GenoMLv1 started as a beta project that lasted for a year; it had >600 unique users and let the team get a lot of feedback from the community. It was an aggregation of code we have been using internally for quite some time, all of it coming from a variety of different projects and applications. Today, we've released a much-improved version of GenoML that will build a solid foundation for a modular extension. We are very excited about the GenoML expansion from just an AutoML to a broader framework. The new GenoML enables an ecosystem of machine learning tools for genomics.

GenoML Ecosystem

The framework layer, GenoML Auto, is the GenoMLv2 package. In the v3, it will be redesigned to enable the new upper layers. It will also be tested to be compatible with the “Resource manager” layer supporting a broad range of platforms. The core developer team maintains GenoML Auto. Contributions from the community are welcome.

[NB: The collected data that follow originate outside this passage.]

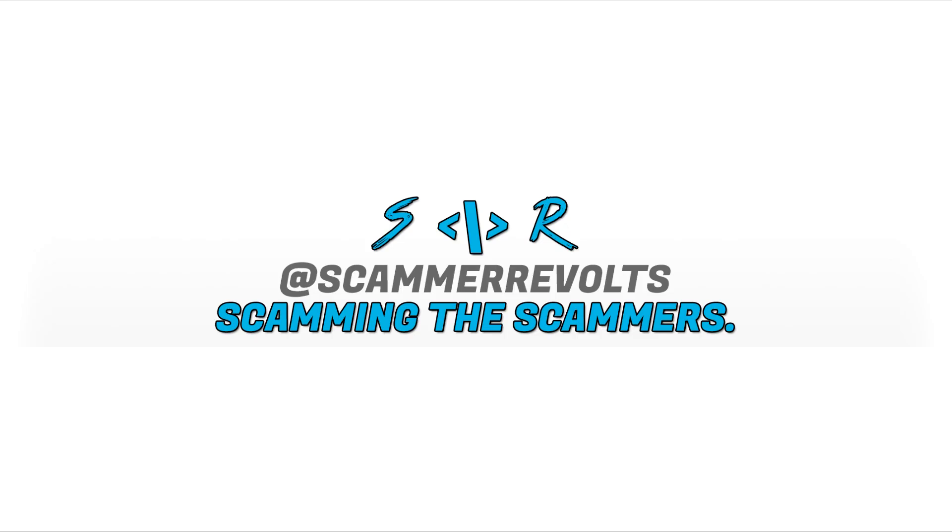Yo everybody, what is up? Scammer Revolts here bringing you guys another scambait video. Before this video starts, if you guys want to join the Discord, check it out below - we are on our way to 11,000 members. I'm not sure if the number is still active, but I'll have the TSU post that I made about this number linked below. If you guys want to follow my Twitter and Instagram, both of those will be below too. I hope you guys enjoy this video and I will see you guys next time. Peace.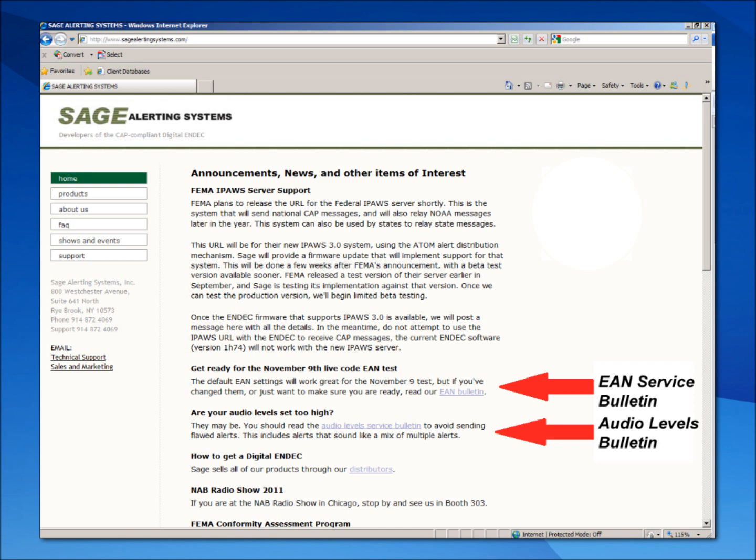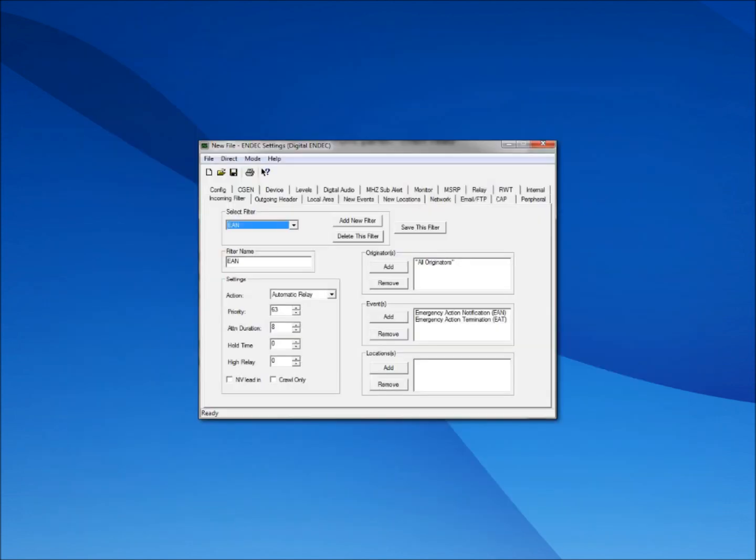Before conducting the test, we consulted two SAGE alerting systems service bulletins. One service bulletin was specifically related to settings and procedures for the EAS national test. The other is related to level checking procedures for the SAGE index. Before participating in this test, we urge you to check the website of your EAS equipment manufacturer for any service information or necessary updates.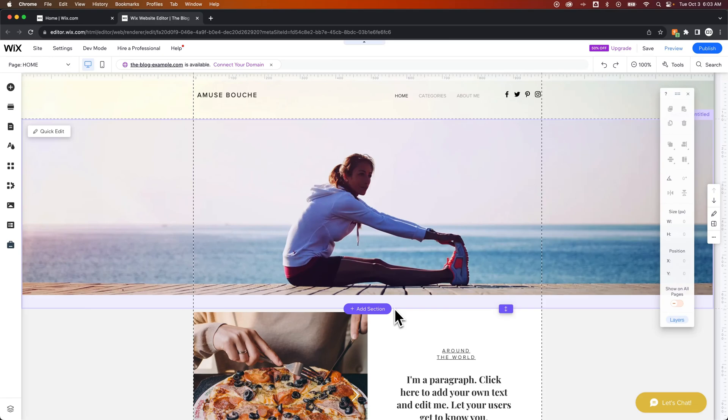In this week's tutorial, we're going to take a look at how to see your site history. That's all the revisions and changes you've made to your site over time.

The GenoML ecosystem components include:

  • GenoML Genetics: general genetics pipeline tools
  • GenoML Deploy: designed for deploying the ML models for inference in practice
  • GenoML Portal: an interface designed for clinicians/physicians for use in practice. It also provides model explanation information
  • GenoML Federated: federated learning of GenoML. A critical component in light of recent privacy regulations such as GDPR. Enables learning across multiple data silos
  • GenoML Meta: meta-learning aspect of GenoML. Enabling learning and selection across diverse datasets and study populations
  • GenoML Python: library developed to integrate seamlessly with other scientific Python libraries
  • GenoML Higher API: higher-level APIs, enabling more community developments
  • GenoML Repo: a repository of developed machine learning models, GWAS summary stats, etc.
  • GenoML Market: a place to share models trained on public or private datasets (model zoo)
  • GenoML Board: similar to the TensorFlow board, is an interface designed for researchers to learn, try, and evaluate GenoML easily

As part of use cases, we will also be including automated versions of the workflows used to support work at the Global Parkinson’s Genetics Program and the NIH Center for Alzheimer’s and Related Dementias.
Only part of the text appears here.